The incredible comeback of Kyle Schwarber, World Series hero (and secret draft-room weapon)
CLEVELAND – In the week leading up to June’s amateur draft, a familiar face showed up every day at Wrigley Field in an unfamiliar place. Surrounded by hard-boiled scouts and cross-checkers, analytics wonks and the Chicago Cubs’ crack executive brain trust, Kyle Schwarber ping-ponged about the team’s draft room, rendering opinions on hitters’ swings and giving reports on players he knew from his college days. Whatever superlatives people want to lavish on Schwarber – and there were plenty after he played World Series hero Wednesday night – there may be no greater validation of what the Cubs think of him than an invitation into the draft room, a holy sanctum for any baseball team.
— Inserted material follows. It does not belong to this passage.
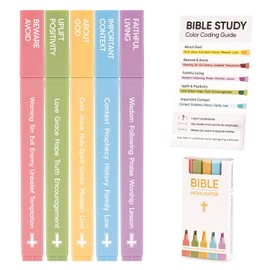 Bible Highlighters with Highlighting System, Chisel Tip No Bleed Highlighters for Bibles, Aesthetic Highlighter Marker Set in Assorted Colors for Bible Study Journaling [5 Pack]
It was there, two years earlier, that the Cubs drafted with the fourth overall pick a burly outfielder out of Indiana, one without a natural position, thus inducing the slings and arrows of an industry that did not understand what they did: Everything about Kyle Schwarber rendered his lack of a position moot. His left-handed stroke, a complete anomaly, so short yet so powerful. His makeup, which drew the be-all, end-all of makeup comparisons for Cubs president Theo Epstein: Dustin Pedroia. And his determination, something that at the time they understood would behoove him as time wore on but didn’t know would prove vital so quickly.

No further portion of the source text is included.